Latest revision as of 22:47, 18 September 2017

2003-02-24

status: early afternoon, Brian's house in Berkeley

The night Brian called me in Durham and said it was time for me to be here, half-seen things seemed to scurry around the dark recesses of the upstairs hallway. They looked like dark grey-brown ghosts in the shape of rats or slugs. I imagined they were [either] the product of my overactive imagination, [or possibly] messengers and workers engaged in the errands of managing one life's transition into whatever happens next. I wondered what they were doing in my house rather than in Tigger's. Was my life somehow more in transition than hers? Were our lives so closely entwined that such a transition in her life would necessarily involve me?

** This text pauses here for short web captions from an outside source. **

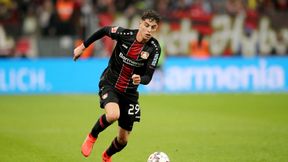 Bundesliga. Kai Havertz. Melodia przyszłości niemieckiej piłki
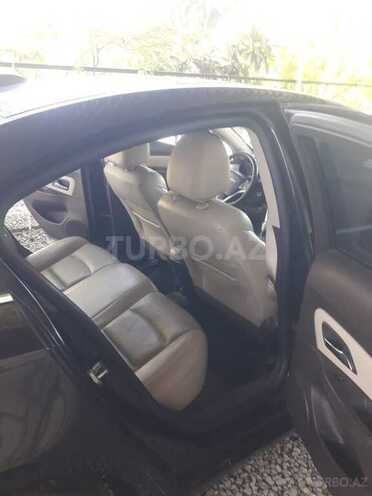 Chevrolet Cruze 2015, 210,000 km - 1.4 l - Bərdə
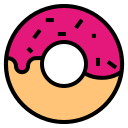 rosquilla icon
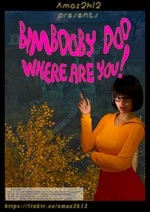 Bimbobooby Doo – Where Are You! cover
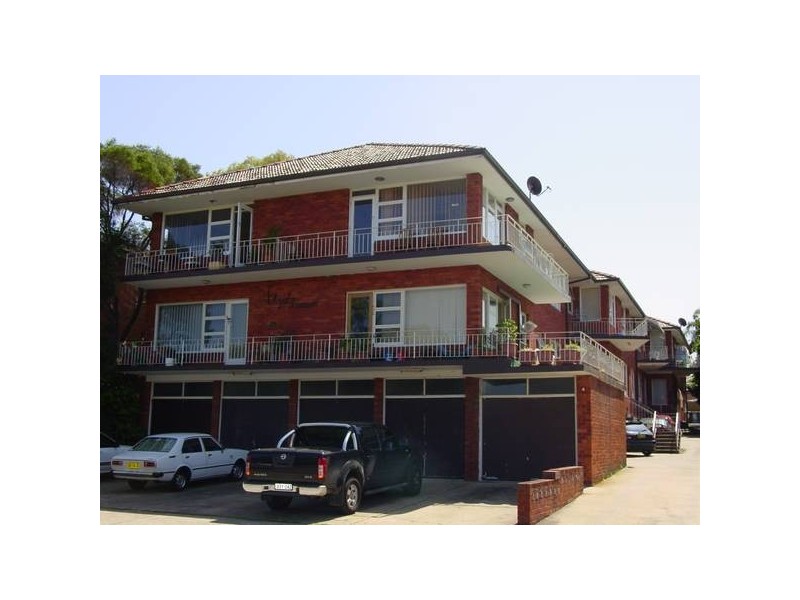 3/4 Monomeeth Street, Bexley NSW 2207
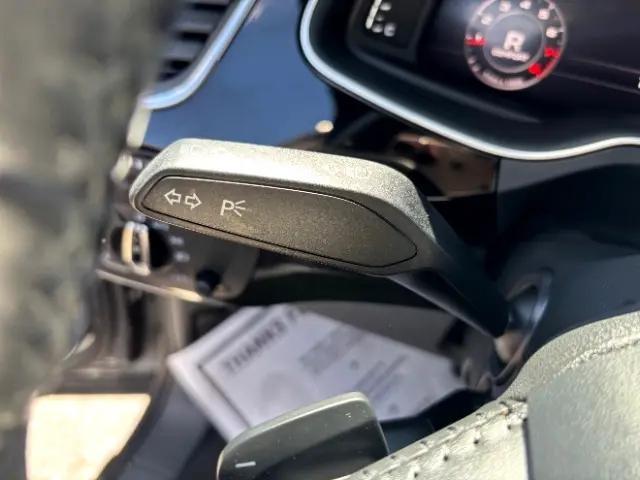 used 2017 Audi Q7 car, priced at $16,497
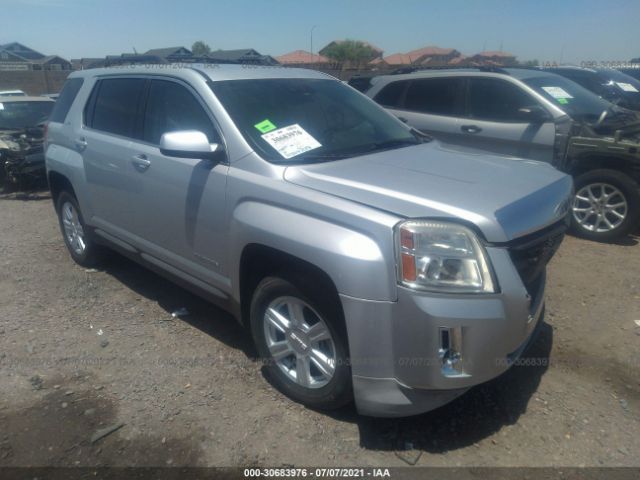 GMC TERRAIN 2015 2gkalrek1f6354897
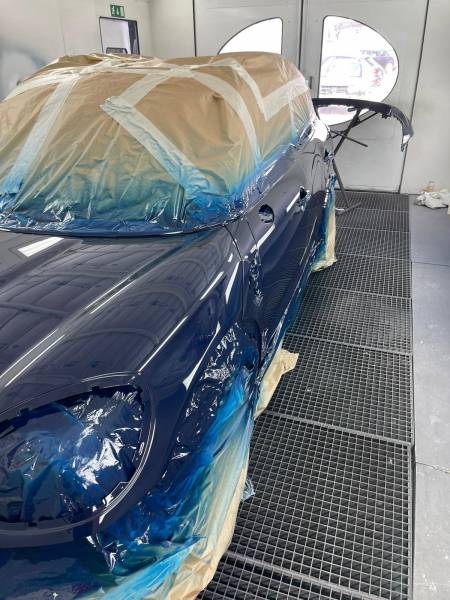 réparation carrosserie ,voiture de près et franchise offerte marseille 13009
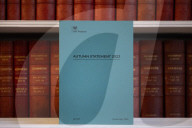 Autumn Statement cover 2023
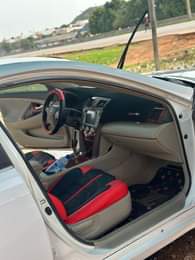 A picture of Distress alert Super sharp Toyota camry 2008 model for Sale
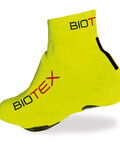 BIOTEX Încălzitoare pantofi de ciclism - OVERSHOES - galben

Having watched everyone around me break into tears repeatedly while I have felt only the vaguest impulses of grief, at most a diffuse fog of sadness, I realize that I am still mourning Jenny more than I mourn for Tigger. Or is it that I'm mourning my own lost life? It's only been so very recently that I realized much of my yearning for Jenny was actually yearning for how my life should have been that it is still difficult to separate the two griefs.

2003-02-25

status: notes written on the plane

Airplanes are loneliness.

There's a ghost on my back. (Or are there two?)

The main reason I left when I did, I think, was that being away from home is painful.